**Work to complete**
Take the lines from the one containing "Máy mài góc cầm tay Feg eg911a" through the final line below and restate them exactly. Omit the pictures.

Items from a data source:

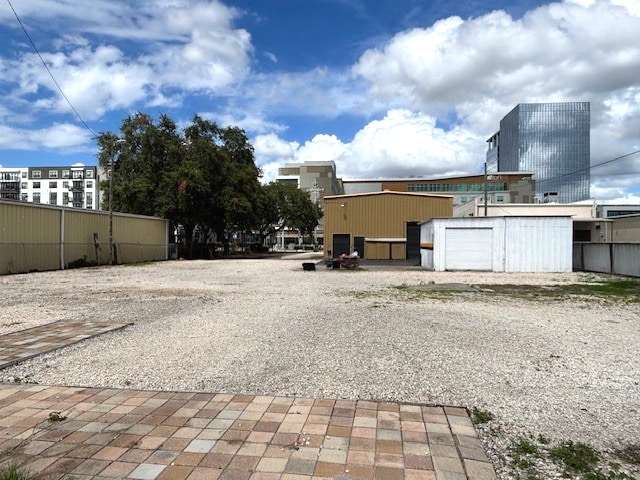More Photos Of 3642 W Cypress St, Tampa Light Manufacturing For Lease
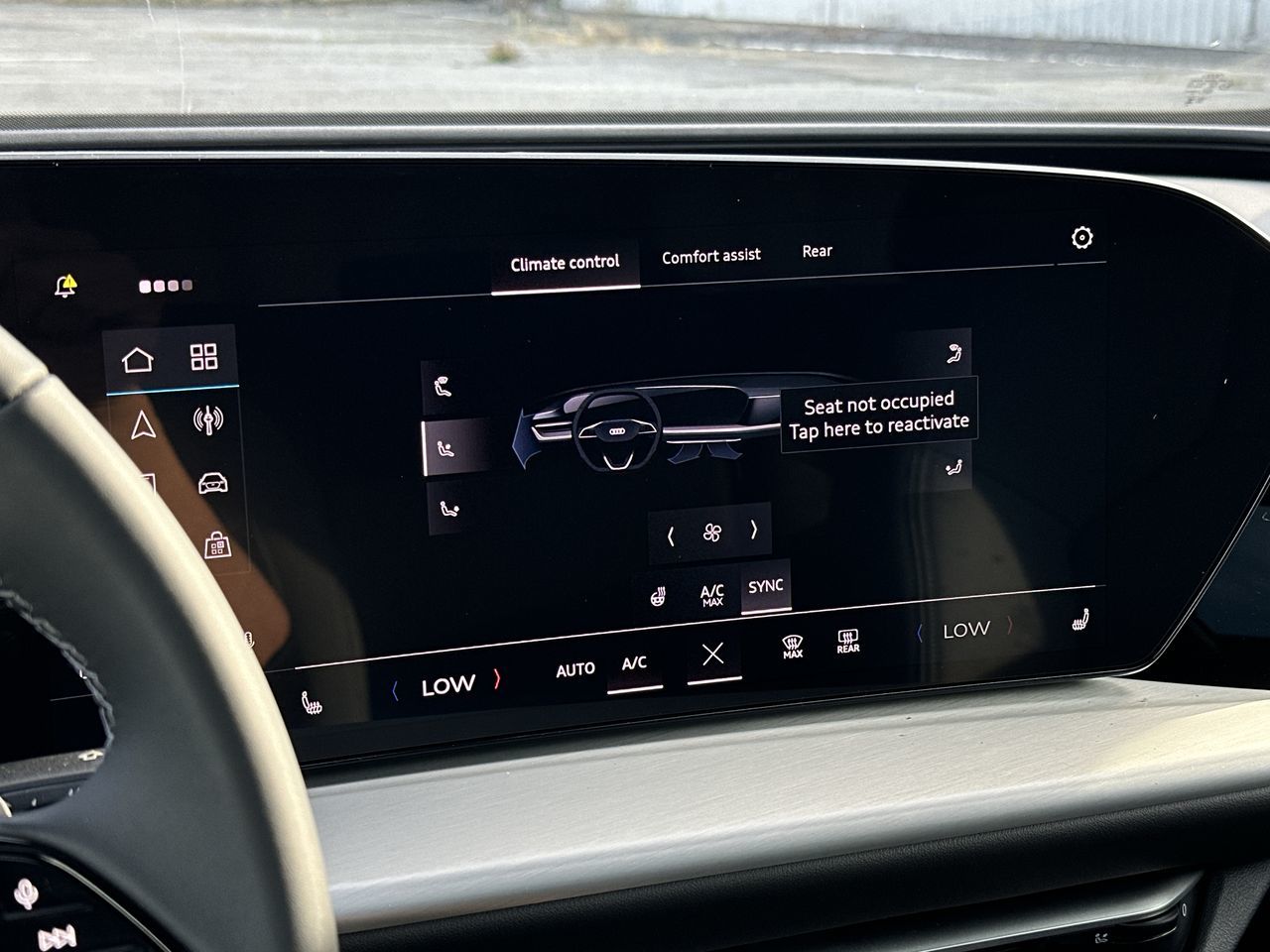 2025 Audi All-New Q5 in Vancouver, British Columbia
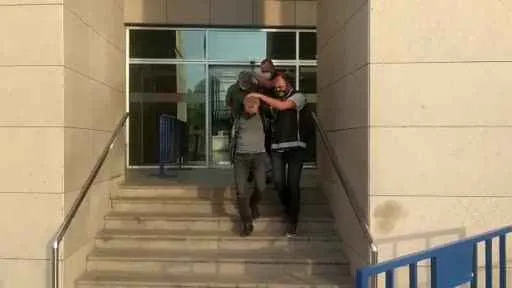 FETÖ'nün avukatlık yapılanmasında olduğu iddia edilen Cemalettin Mutlu’ya 15 yıla kadar hapis talebi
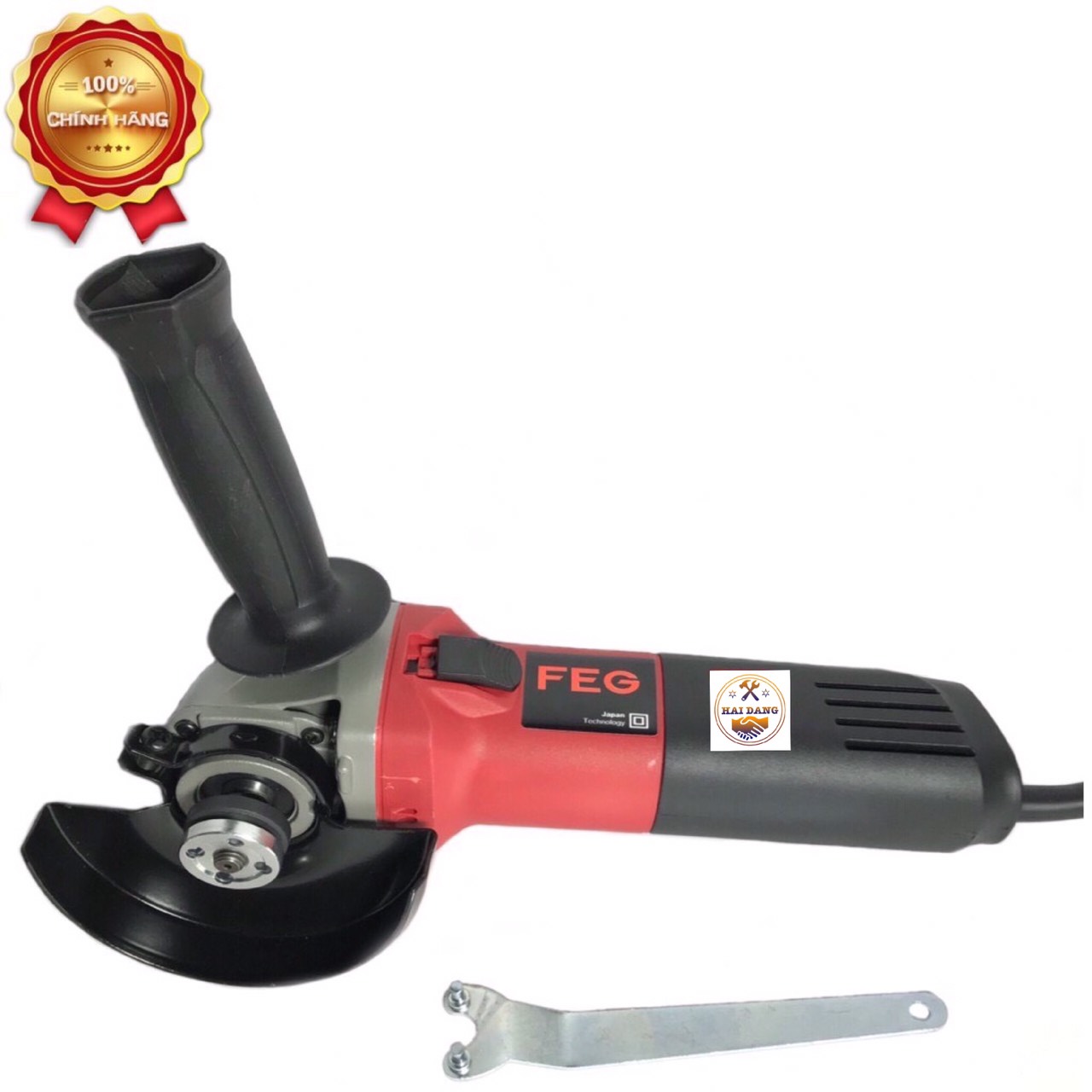 Máy mài góc cầm tay Feg eg911a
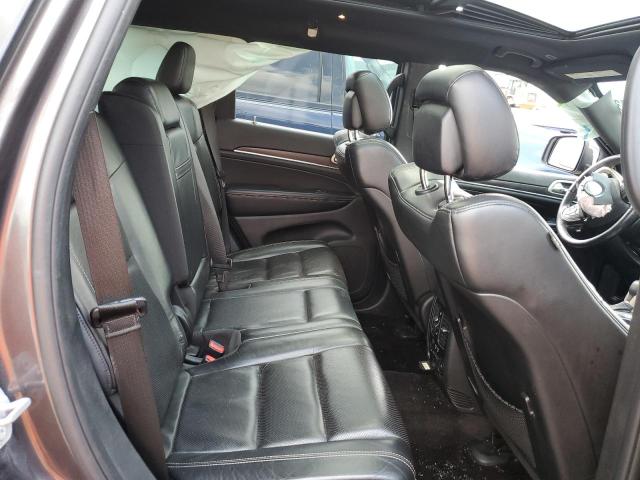 Photo 11 from auction – 2017 JEEP GRAND CHER with VIN 1C4RJFBG3HC885015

**Problem solution**
 Máy mài góc cầm tay Feg eg911a
 Photo 11 from auction – 2017 JEEP GRAND CHER with VIN 1C4RJFBG3HC885015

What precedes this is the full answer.